Allstate was to have provided all appropriate company documents related to the OIR's investigation at or before a Jan. 15 hearing. Instead, in late November, Allstate filed 51 pages of objections to the subpoenas. Allstate has been delivering documents to the OIR since the Jan. 15 hearing, but has not delivered all documents requested by the subpoenas and is maintaining claims of privilege to some of the documents.
The OIR has been asking for documents about Allstate's reinsurance program, its relationships with risk modeling companies, insurance rating organizations and insurance trade associations. The subpoenas also required appropriate witnesses to appear at the January hearing to be able to discuss issues that were subjects of the subpoenas.

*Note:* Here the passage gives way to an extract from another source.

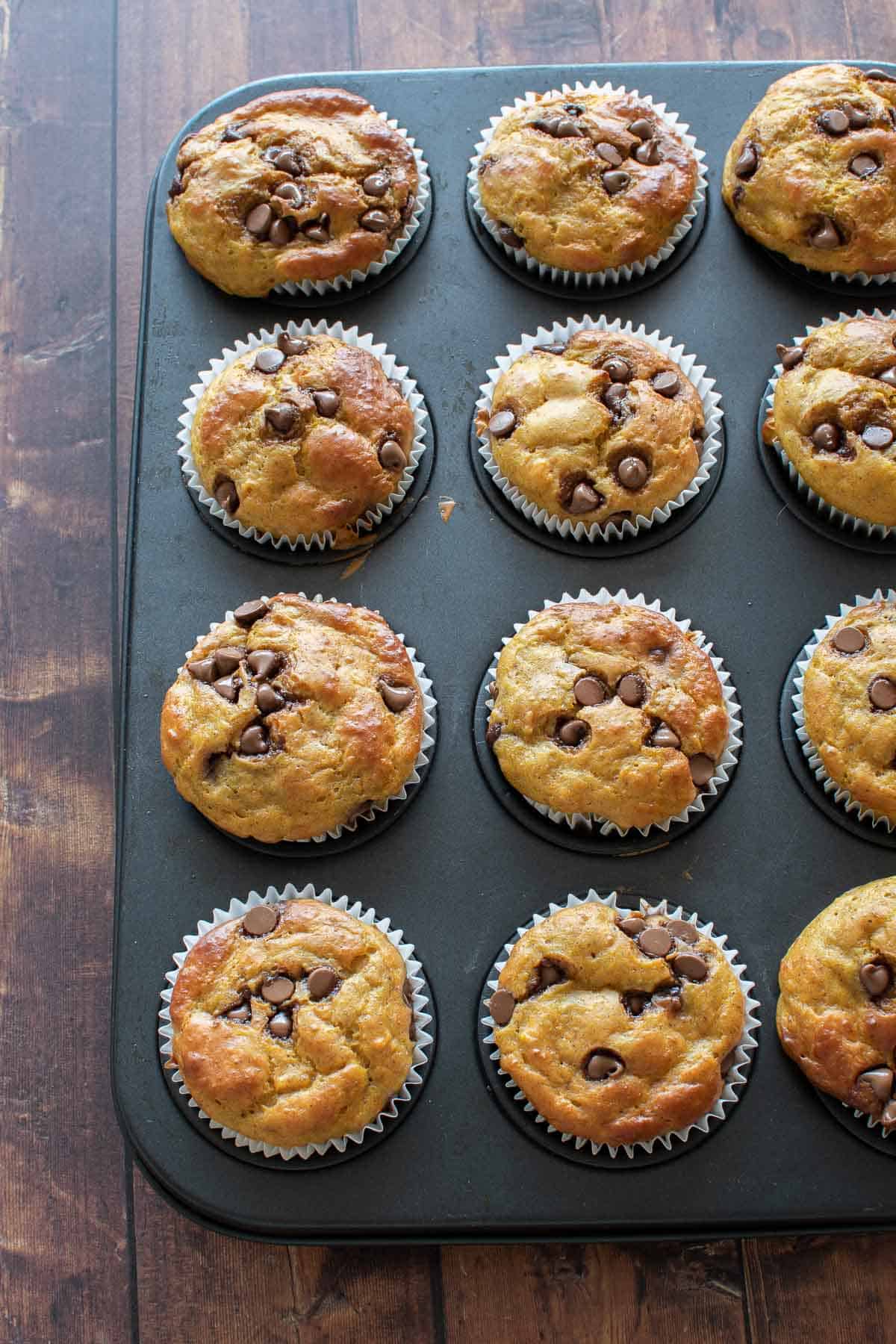 Baked pumpkin muffins in a muffin pan.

The complaint also alleges that Allstate has violated Florida law by not properly certifying its rate filings as required by House Bill 1A, which passed in January 2007.

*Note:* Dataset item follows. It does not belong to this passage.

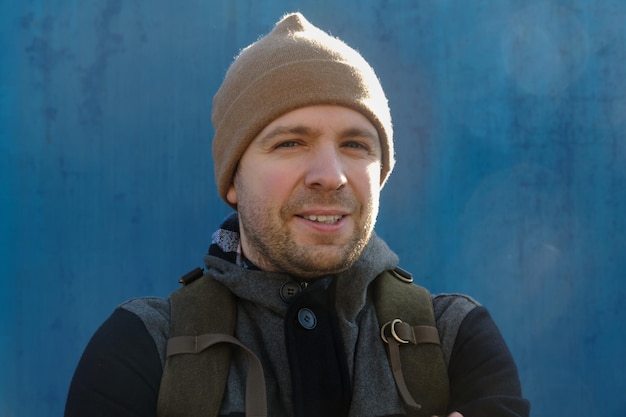 Handsome caucasian young man in hat and jacket outdoors on sunny day on blue wall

Filing the complaint is required under Florida law as part of the process that began when Commissioner McCarty issued a final immediate order Jan. 17, suspending Allstate from writing any new business – in all lines – in Florida. Allstate is expected to request an administrative hearing on the Office's complaint. If requested, a hearing would be held at the Division of Administrative Hearings.
An administrative law judge will hear the evidence and then make findings of fact. McCarty could then issue a final order, which may include a suspension of Allstate's certificates of authority. Allstate could then appeal to the First District Court of Appeal.
The DOAH hearing is separate from the ongoing matter that Allstate initiated in the First District Court of Appeal by filing its Jan. 17 notice of appeal of the commissioner's order. That matter is still proceeding in the DCA.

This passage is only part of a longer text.